Would you please repeat exactly the entries below, starting at the line with "Samsung Galaxy S24" and ending at the line with "This vehicle has", and nothing outside that range? Leave out the pictures.

++++ Task data

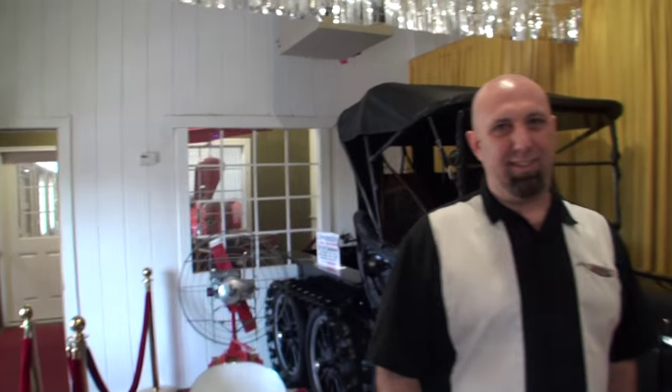Tell me about how you even come across something like this, Brian. If you ask 10 different people what the first snowmobile was, you're going to have 10 different answers. This is one of the answers you're going to get though.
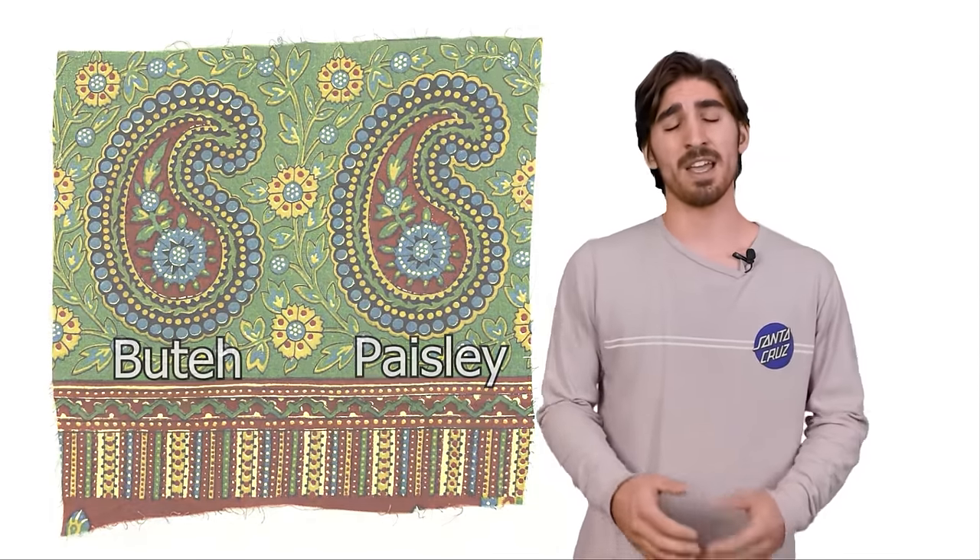The pattern stayed in the Middle East and Asia for about 1,600 years, remaining virtually unchanged, until the British East India Company visited Kashmir, India, saw the pattern, and basically thought, let's bring it back to Europe and see what they think.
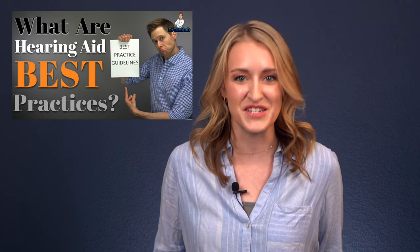Prescription hearing aids programmed by a hearing healthcare professional who follows best practices are individually customized and verified to deliver precise amounts of amplification where you need it based on your unique hearing loss. And if you don't know what best practices are, I highly recommend you check out Dr. Cliff's video that I will link in the description. Properly programmed hearing aids can deliver an incredible amount of speech clarity without an uncomfortable amount of overall volume, improving several listening situations like watching TV. The key words being properly programmed — if they're not programmed properly, they probably will not help very much.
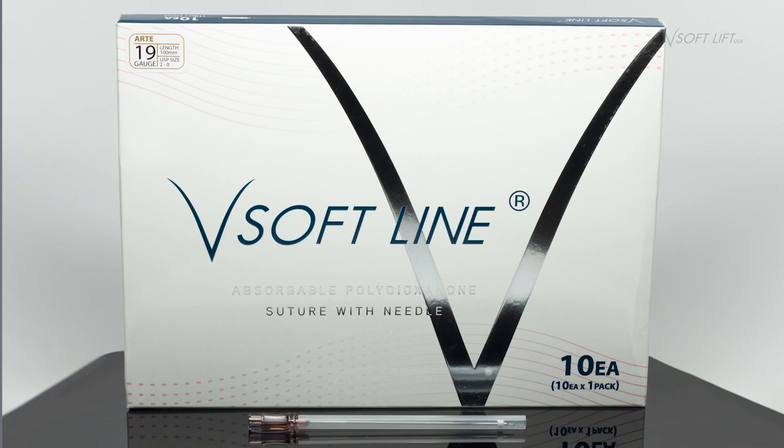VSoft PDO threads stand out for several reasons. They have great lifting quality. They have very few threads that actually do not engage. Some companies, the threads won't engage properly. I always find that the VSoft threads engage properly.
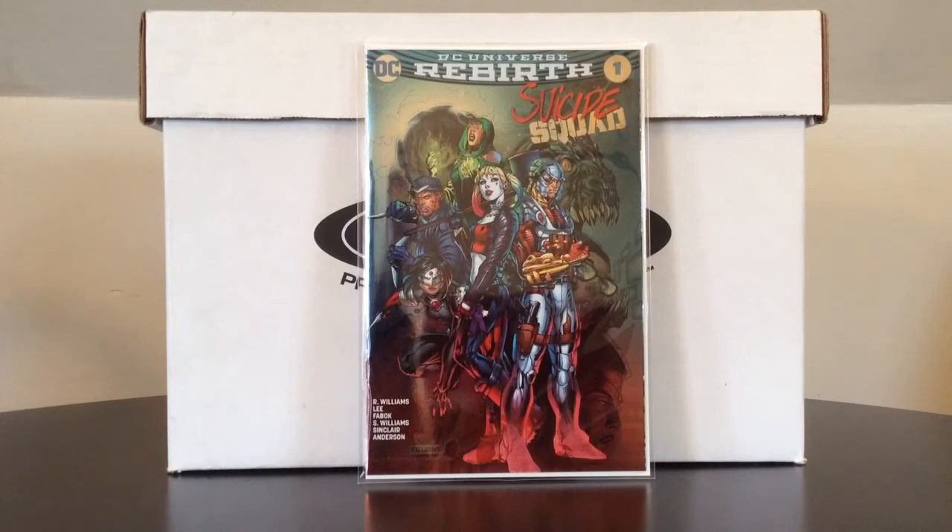DC Universe Rebirth Suicide Squad number one — this is the shiny foil. I swore I would never buy another foil cover since the 90s, but here I am. Suicide Squad number one, Jim Lee foil variant edition. So pretty — it's Jim Lee. He's my favorite artist of all time and I just thought this was killer. It was hanging on the wall at my comic book shop for like three weeks. It cost me about $30, which is about the going value, but just a really cool cover.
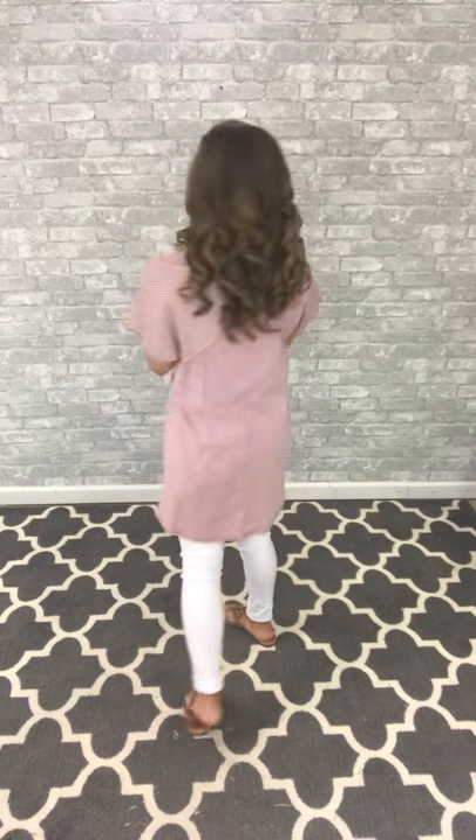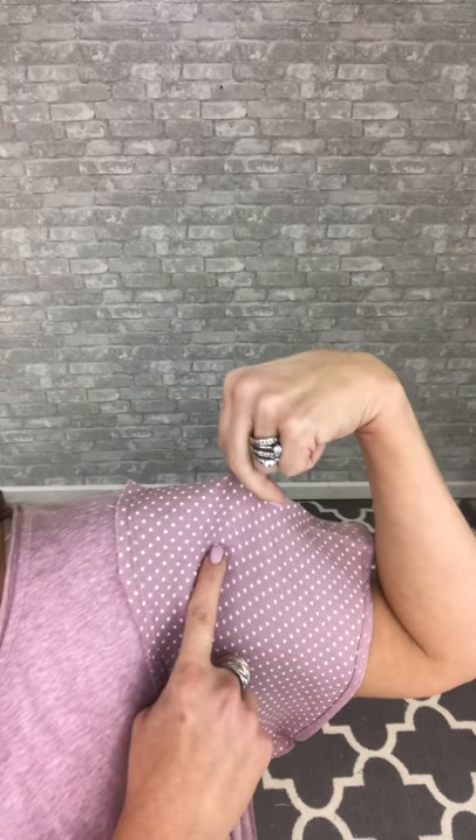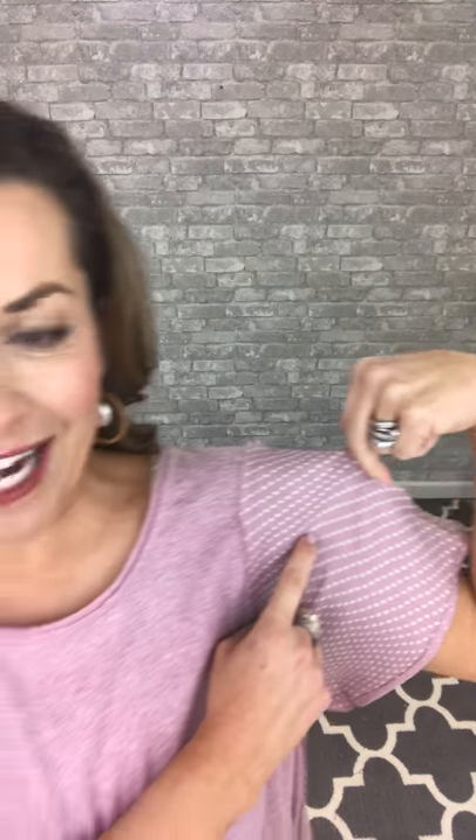Hey friends, this is the Dana top. The tunic length, swingy fitting top has this great rose color. It looks like polka dots, but it's actually little tiny white stars — so very cute for this spring.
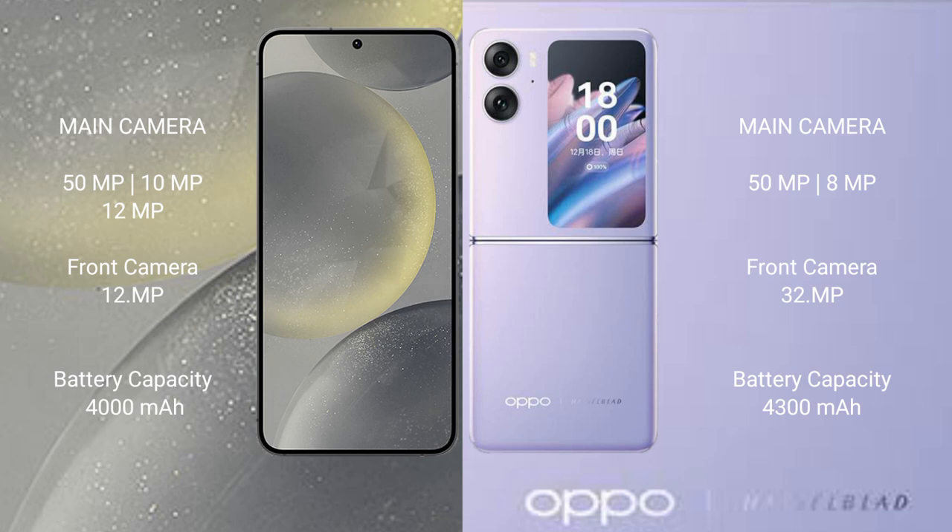Samsung Galaxy S24 has a 4000mAh battery with 25W fast charging support. Oppo Find N2 Flip has a 4300mAh battery with 44W fast charging support.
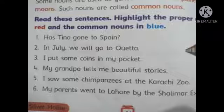Remember that a proper noun always starts with a capital letter. And the last sentence is: My parents went to Lahore by the Shalimar Express. Lahore is a proper noun, Shalimar Express is also a proper noun, and parents is a common noun.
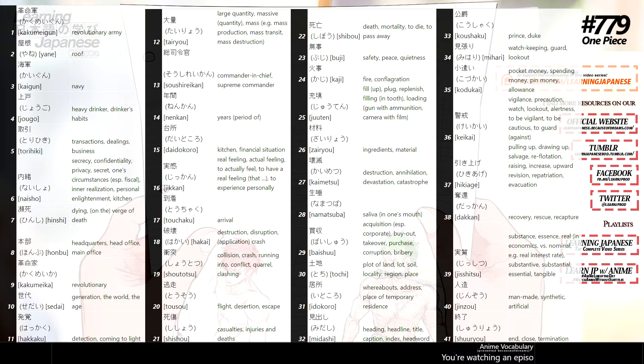Hey everybody, learning Japanese, Nii Yokoso. You're watching an episode of Anime Vocabulary, part of our Watch Anime Without Subtitles challenge, and so here's how it works.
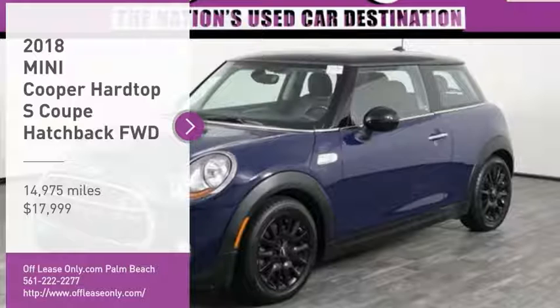This isn't just a vehicle, it's an experience. So stop in for a test drive today.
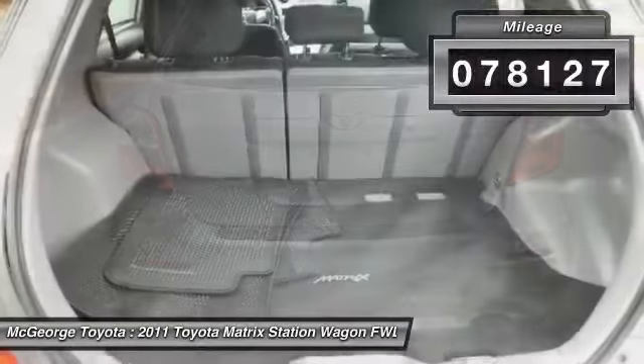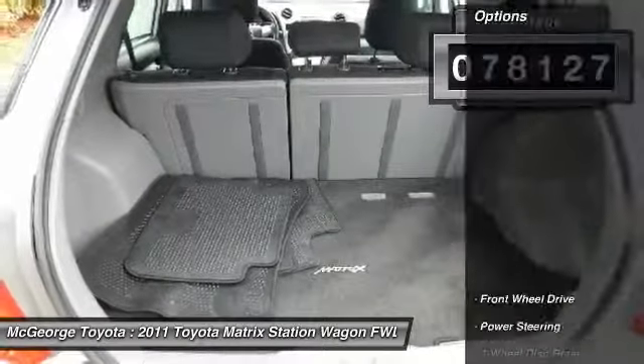This vehicle has less than 80,000 miles. Here are some of this vehicle's great options.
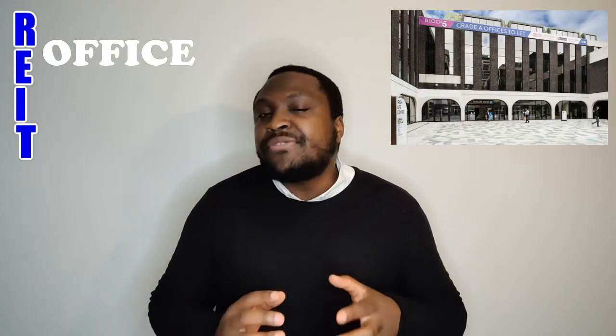Finally, you have office REITs. As you can probably guess, these REITs allow you to invest in office-based real estate. If you drive around your local area, it won't take you long to see an office 'to let' sign put up by a REIT. Office REITs tend to sign up their tenants to really long-term leases, which means consistent money coming in.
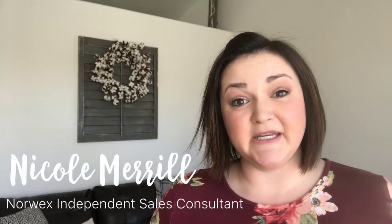Hey, I'm Nicole Merrill and I'm an independent Norwex sales consultant. I want to talk to you a little bit about ditching the plastics in your home. Norwex is known for being the lead innovator in microfiber cleaning and using just water to reduce the amount of harmful chemicals in your home.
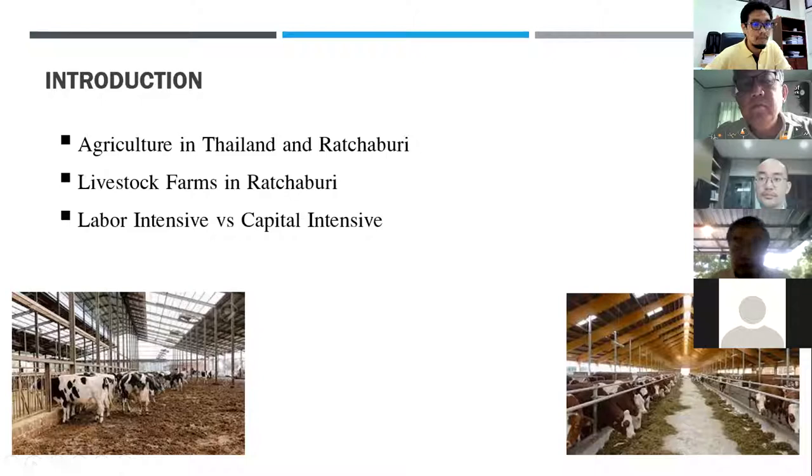Ratchaburi and Nakhon Pathom have become the central beef market, especially in Kamphaeng Saen, Nakhon Pathom — the biggest livestock farm area in the country. Most cattle farms are still managed using a large number of laborers in every single process, and they have not developed into capital-intensive businesses. The labor cost keeps going up year by year — now about 320 to 350 baht a day in Nakhon Pathom and Ratchaburi provinces.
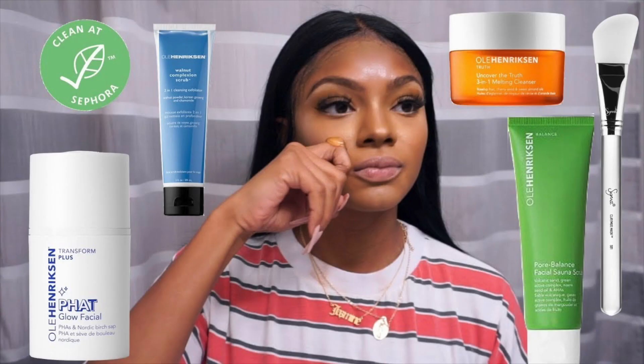The first product I was obsessed with is the Ole Henriksen Cold Plunge Pore Mask — absolute favorite, hands down. If you watch my videos you'd know I've been loving this mask so much. I've already uploaded two videos on it: one showing how I tackle my allergies, and another was my Ole Henriksen favorites video where this product made the list.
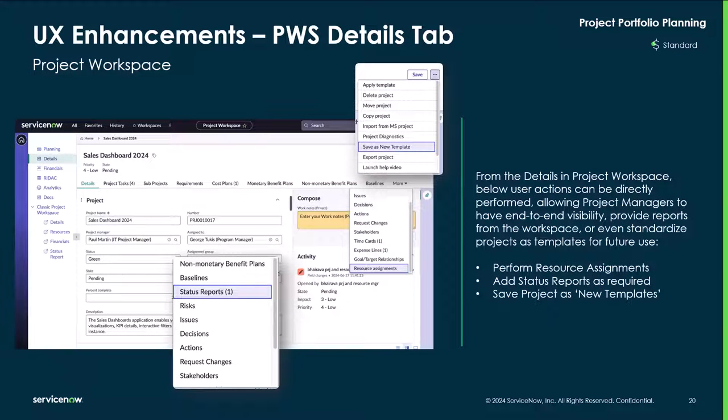Here are some of the newest enhancements in the project workspace. Within the detailed tabs of the project workspace, users can directly access and perform actions, allowing project managers to have end-to-end visibility, provide reports for projects from the workspace, save a standardized project as templates for future use, and perform resource assignments.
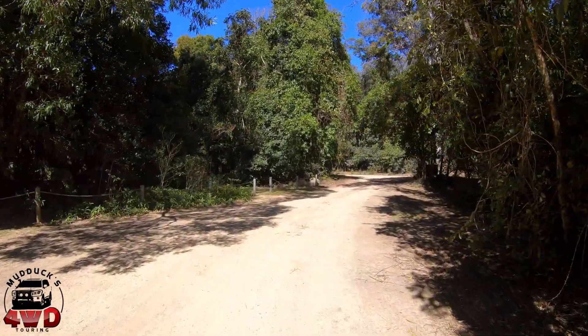Just not sure about these bollards guys. Forestry Commission, what are you doing? You're renowned for having decent open camping grounds without bollards. You're not National Parks — they're bad enough. Don't you guys go down that track please.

++++++++

## [Solution to this problem]
Samsung Galaxy S24 has a 4000mAh battery with 25W fast charging support. Oppo Find N2 Flip has a 4300mAh battery with 44W fast charging support.
Remember that a proper noun always starts with a capital letter. And the last sentence is: My parents went to Lahore by the Shalimar Express. Lahore is a proper noun, Shalimar Express is also a proper noun, and parents is a common noun.
Hey everybody, learning Japanese, Nii Yokoso. You're watching an episode of Anime Vocabulary, part of our Watch Anime Without Subtitles challenge, and so here's how it works.
This isn't just a vehicle, it's an experience. So stop in for a test drive today.
This vehicle has less than 80,000 miles. Here are some of this vehicle's great options.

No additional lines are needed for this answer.